Look through the listing below and write out exactly the lines from the line with "Silicone Chair Leg" to the line with "Red guitar Large", both included, and no others.

....................

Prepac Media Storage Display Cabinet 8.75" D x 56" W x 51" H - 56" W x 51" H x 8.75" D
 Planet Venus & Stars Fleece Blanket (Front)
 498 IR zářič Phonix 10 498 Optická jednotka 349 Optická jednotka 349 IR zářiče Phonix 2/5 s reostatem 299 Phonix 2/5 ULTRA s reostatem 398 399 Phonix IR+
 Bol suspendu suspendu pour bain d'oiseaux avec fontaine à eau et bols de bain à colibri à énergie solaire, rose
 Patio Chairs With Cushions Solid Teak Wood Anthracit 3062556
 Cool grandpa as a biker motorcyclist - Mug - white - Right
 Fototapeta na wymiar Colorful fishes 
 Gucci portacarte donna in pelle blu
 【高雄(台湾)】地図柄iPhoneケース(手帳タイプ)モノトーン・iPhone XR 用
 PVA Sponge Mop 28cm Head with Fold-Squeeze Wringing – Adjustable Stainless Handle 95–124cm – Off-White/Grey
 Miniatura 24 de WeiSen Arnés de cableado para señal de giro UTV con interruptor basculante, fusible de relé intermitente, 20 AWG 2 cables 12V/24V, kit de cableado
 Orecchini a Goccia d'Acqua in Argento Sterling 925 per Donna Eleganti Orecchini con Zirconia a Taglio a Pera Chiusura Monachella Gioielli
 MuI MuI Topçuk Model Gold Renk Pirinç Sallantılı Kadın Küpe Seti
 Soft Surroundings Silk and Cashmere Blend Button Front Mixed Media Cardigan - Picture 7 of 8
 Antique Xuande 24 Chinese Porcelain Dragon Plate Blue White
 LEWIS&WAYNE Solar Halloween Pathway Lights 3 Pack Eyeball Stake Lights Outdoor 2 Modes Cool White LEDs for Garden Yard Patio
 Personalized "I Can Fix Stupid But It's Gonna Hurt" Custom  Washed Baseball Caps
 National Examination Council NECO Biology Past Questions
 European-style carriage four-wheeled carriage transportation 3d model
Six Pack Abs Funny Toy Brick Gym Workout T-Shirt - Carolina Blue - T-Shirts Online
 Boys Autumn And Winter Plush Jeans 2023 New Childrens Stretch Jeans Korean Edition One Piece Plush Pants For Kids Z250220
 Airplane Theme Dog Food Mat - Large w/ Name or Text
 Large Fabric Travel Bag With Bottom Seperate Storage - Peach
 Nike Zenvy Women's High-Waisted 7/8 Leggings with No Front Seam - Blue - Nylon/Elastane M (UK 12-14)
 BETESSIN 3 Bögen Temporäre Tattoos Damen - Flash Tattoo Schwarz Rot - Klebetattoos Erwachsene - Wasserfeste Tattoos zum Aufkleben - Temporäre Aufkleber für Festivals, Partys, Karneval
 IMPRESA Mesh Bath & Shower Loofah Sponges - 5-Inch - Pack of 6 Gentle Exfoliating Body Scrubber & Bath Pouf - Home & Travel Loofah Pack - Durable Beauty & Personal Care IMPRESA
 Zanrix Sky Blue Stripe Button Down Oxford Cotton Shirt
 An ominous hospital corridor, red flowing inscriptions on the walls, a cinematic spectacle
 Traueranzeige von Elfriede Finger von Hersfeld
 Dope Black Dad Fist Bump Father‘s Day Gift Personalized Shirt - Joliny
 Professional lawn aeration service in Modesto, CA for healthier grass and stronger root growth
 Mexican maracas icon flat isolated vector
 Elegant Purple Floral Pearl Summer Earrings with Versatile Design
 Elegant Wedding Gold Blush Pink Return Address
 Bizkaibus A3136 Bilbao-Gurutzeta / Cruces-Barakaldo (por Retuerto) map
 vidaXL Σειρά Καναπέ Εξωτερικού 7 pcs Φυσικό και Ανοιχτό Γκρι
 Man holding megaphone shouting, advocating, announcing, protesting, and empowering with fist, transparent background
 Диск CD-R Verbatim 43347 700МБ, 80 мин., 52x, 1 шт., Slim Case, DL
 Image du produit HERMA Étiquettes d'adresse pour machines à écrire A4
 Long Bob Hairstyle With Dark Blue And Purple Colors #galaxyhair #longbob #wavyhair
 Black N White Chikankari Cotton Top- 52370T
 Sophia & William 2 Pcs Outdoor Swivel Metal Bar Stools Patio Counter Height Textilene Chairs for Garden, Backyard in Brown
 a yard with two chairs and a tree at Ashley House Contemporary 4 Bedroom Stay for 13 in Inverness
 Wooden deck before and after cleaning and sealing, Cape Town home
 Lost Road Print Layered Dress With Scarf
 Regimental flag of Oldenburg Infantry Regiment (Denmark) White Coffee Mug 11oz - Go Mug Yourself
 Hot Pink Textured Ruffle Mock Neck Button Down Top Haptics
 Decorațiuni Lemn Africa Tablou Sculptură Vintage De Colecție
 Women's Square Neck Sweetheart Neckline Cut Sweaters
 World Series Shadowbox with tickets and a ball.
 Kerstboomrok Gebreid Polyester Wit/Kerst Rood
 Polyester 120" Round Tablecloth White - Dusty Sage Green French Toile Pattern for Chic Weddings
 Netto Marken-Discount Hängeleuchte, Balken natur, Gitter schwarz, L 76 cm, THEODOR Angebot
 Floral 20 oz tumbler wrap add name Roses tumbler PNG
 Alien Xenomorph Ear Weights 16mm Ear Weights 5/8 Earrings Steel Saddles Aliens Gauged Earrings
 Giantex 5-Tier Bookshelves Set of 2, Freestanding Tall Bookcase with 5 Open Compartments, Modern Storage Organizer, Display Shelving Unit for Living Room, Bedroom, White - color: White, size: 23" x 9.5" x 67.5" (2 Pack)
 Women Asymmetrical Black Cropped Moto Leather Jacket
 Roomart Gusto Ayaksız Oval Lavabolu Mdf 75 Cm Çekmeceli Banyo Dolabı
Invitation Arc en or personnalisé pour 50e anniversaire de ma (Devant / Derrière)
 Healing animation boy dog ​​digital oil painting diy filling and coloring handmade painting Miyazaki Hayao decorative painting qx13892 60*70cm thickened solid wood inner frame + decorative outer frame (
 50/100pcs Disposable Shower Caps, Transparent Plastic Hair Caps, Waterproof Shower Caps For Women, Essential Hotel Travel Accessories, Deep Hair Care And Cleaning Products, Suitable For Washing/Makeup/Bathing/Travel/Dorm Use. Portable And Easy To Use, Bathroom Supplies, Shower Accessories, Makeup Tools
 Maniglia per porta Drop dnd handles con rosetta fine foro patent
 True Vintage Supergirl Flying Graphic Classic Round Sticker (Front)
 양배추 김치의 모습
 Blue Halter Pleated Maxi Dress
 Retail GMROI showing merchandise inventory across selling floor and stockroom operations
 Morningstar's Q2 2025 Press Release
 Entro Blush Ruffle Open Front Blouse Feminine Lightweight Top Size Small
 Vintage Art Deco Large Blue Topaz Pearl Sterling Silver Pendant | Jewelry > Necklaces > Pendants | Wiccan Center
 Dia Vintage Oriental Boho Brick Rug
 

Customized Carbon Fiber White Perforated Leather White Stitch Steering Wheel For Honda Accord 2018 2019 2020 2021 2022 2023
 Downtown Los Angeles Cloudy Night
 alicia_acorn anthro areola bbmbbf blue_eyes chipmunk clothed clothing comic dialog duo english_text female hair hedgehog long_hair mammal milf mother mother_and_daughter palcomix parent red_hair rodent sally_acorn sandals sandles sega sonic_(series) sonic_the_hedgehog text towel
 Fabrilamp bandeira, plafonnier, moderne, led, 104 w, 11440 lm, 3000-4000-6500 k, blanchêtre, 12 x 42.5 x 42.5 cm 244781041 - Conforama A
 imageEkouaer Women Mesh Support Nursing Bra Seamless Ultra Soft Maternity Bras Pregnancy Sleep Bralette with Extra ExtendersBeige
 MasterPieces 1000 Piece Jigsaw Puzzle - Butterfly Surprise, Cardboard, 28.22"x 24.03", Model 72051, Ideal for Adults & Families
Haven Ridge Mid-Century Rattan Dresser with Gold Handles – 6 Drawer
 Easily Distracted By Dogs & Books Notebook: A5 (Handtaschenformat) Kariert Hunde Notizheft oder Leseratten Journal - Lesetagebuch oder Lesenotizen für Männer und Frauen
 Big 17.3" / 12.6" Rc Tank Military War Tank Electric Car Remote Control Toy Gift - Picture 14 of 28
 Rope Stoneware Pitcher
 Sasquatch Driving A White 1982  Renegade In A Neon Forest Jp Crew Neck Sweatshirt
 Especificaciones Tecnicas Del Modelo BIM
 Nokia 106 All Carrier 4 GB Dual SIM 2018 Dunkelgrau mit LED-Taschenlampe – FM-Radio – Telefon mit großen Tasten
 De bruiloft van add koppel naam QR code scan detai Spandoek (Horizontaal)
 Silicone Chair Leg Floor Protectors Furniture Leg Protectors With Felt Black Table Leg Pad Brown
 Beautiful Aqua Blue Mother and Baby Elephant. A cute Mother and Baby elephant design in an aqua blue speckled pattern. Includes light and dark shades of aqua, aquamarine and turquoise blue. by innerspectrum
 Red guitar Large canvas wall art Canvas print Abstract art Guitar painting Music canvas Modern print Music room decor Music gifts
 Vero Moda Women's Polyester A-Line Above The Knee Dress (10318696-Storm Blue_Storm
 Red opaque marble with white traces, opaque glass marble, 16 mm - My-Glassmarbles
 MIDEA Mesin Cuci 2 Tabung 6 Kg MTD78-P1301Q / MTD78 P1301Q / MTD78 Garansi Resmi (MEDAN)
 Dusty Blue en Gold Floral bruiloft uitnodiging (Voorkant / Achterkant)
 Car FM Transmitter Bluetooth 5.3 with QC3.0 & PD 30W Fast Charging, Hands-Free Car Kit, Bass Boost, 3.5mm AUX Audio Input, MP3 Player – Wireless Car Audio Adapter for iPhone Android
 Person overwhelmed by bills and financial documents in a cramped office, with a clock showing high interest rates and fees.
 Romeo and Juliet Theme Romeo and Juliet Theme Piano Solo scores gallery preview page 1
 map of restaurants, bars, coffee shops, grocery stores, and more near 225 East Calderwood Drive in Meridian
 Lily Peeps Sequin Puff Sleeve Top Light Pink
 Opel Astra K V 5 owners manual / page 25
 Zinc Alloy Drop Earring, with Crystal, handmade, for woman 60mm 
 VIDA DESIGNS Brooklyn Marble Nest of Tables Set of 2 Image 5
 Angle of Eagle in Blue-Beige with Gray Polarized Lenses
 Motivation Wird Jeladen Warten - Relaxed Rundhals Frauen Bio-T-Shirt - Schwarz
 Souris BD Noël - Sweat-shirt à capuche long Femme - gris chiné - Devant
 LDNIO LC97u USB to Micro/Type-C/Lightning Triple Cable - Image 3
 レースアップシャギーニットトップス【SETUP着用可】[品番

....................

▸ Response area:
 Silicone Chair Leg Floor Protectors Furniture Leg Protectors With Felt Black Table Leg Pad Brown
 Beautiful Aqua Blue Mother and Baby Elephant. A cute Mother and Baby elephant design in an aqua blue speckled pattern. Includes light and dark shades of aqua, aquamarine and turquoise blue. by innerspectrum
 Red guitar Large canvas wall art Canvas print Abstract art Guitar painting Music canvas Modern print Music room decor Music gifts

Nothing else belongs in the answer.